Hey there I'm no pro like most here but I am thinking you need to solder your joints. I soldered all track connections as well as feeder lines every 36". No more cutting out! Solid power all the way around, Full throttle and let it go! It is easy even if you have never soldered before. Lots of good advice here too! Good luck!


----------



## x_doug_x (Jun 21, 2010)

too many variables. can you shake the loco and get it to run again? what makes it run again after it stops?
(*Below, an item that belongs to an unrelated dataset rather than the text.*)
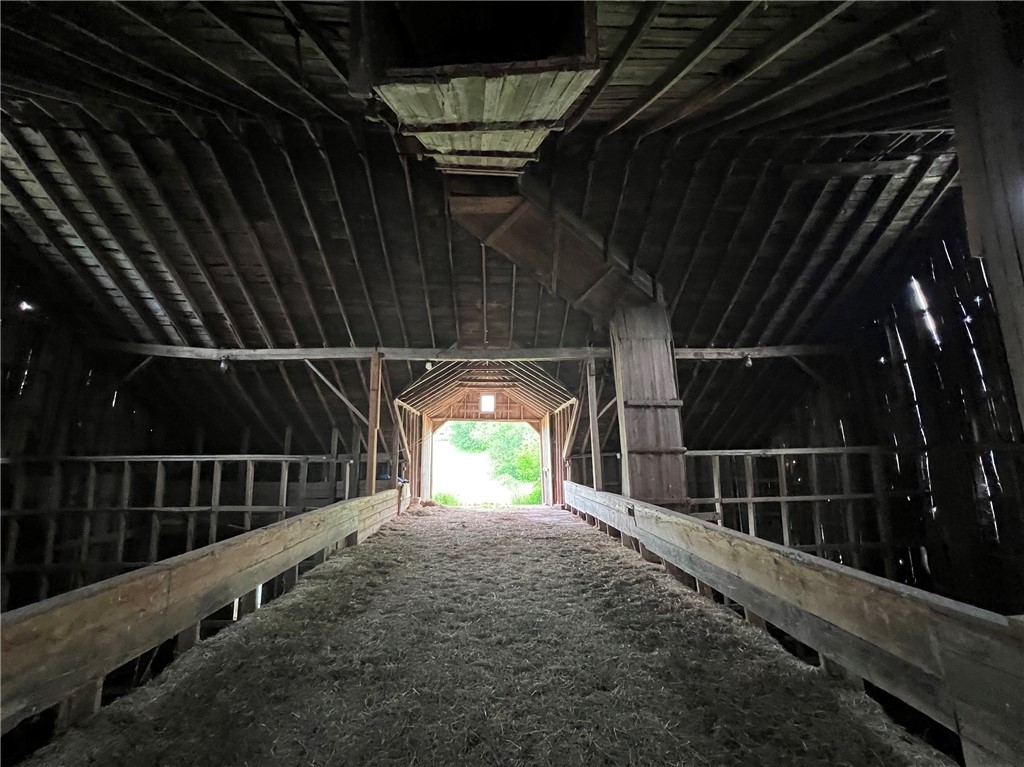 834 Crescent Valley Road Bovina, NY 13740 - Photo 24 of 50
does it always stop in the same spot?


----------



## BNSF Fan (Feb 27, 2010)

Have you got the track tacked down yet? What is the track laid down on? I'm thinking one possibility is the track is flexing while the train is running on it and it breaking connection at a joint.


----------



## cabledawg (Nov 30, 2010)

I am going to assume that the set you got came with the Tru-Track. If that is the case, follow NIMT's suggestion of a good cleaning first then see what happens. But NtoO could be right in that some of the rail joiners might be loose, causing an open circuit that stops the train. SO while you are cleaning, check the joiners and make sure that each one is snug. They shouldnt be so tight that you cant get the track together, but there should be some resistance when connecting/seperating the track sections.


----------



## Xnats (Dec 5, 2010)

It would have to be a Atlas TrainMan set. The only sets Atlas makes, good ones if that :thumbsup:. The tracks are the True Track, mounted on plastic roadbed. I found with both of mine, that the track needs a cleaning once a week. The engines and cars, when ever you notice a decline in performance. 
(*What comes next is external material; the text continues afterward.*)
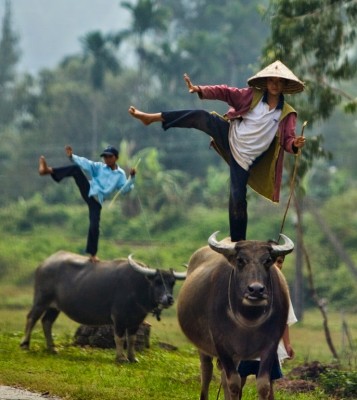 17.jpg (179.12 КБ) 2666 просмотров 17.jpg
The fastest way to clean the track is with rubbing alcohol and paper towels. Just start wiping down the whole thing, until you get no more black marks. 
The fastest way to do the engines is from Model Railroader Magazine.
http://mrr.trains.com/en/Videos/Cod... for January 27 2011 Inside Codys Office.aspx
For your cars, lay a paper towel across a straight section of track. Pour the alcohol along the track length, just enough the wet the section you are working on. Place a car onto the track covered with the paper towel, just push it back and forth. The blue shop towels work best fo Ho's. Bounty Quilted is the next best. 
They should be running like new again in no time.


----------



## fishman (Feb 15, 2011)

I had this problem with my lionel to start with and it ended up being the connection to the track was wiggling loose.


----------